EQT is pleased to announce that the EQT Real Estate Logistics Value Fund VI and EQT Real Estate Industrial Core-Plus Fund IV (together, “EQT Real Estate”) have acquired an 11-building, 4.8 million square foot logistics portfolio across five major distribution markets in the United States. The assets are strategically located in Central Pennsylvania, Houston, Greenville-Spartanburg, Jacksonville, and Indianapolis – each a key node in the national supply chain network.

The transaction continues EQT Real Estate’s strategy of investing behind high-quality, well-located industrial assets in markets with strong tenant demand, limited new supply, and long-term demographic growth. The portfolio offers diversified tenant exposure and strong sustainability credentials, with several buildings newly constructed and built to modern operational standards. 

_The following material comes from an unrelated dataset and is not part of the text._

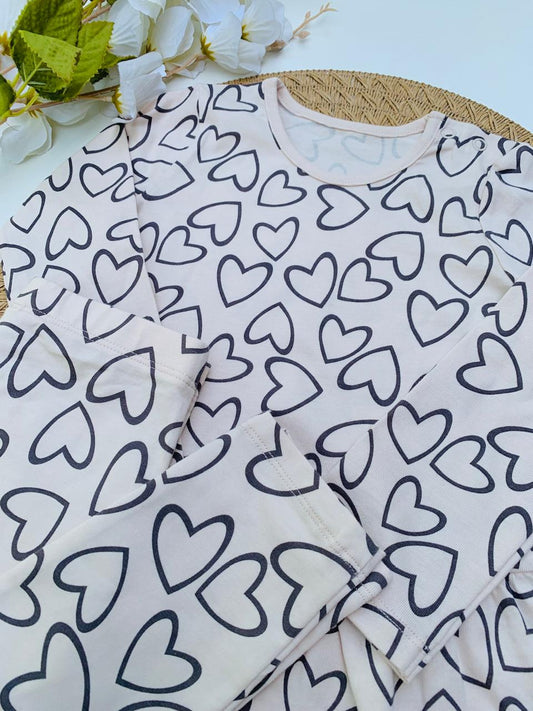 George Heart Print Frock with tights Set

The properties also benefit from close proximity to major highway, port, and rail infrastructure, enabling efficient delivery capabilities to dense population centers. The buildings feature Class A specifications including 32-40 foot clear heights, various loading configurations, and ample trailer and auto parking, positioning them well to serve 3PLs, e-commerce operators, and logistics firms. Leveraging its locals-with-locals approach and active management, EQT Real Estate aims to unlock additional value in the portfolio. 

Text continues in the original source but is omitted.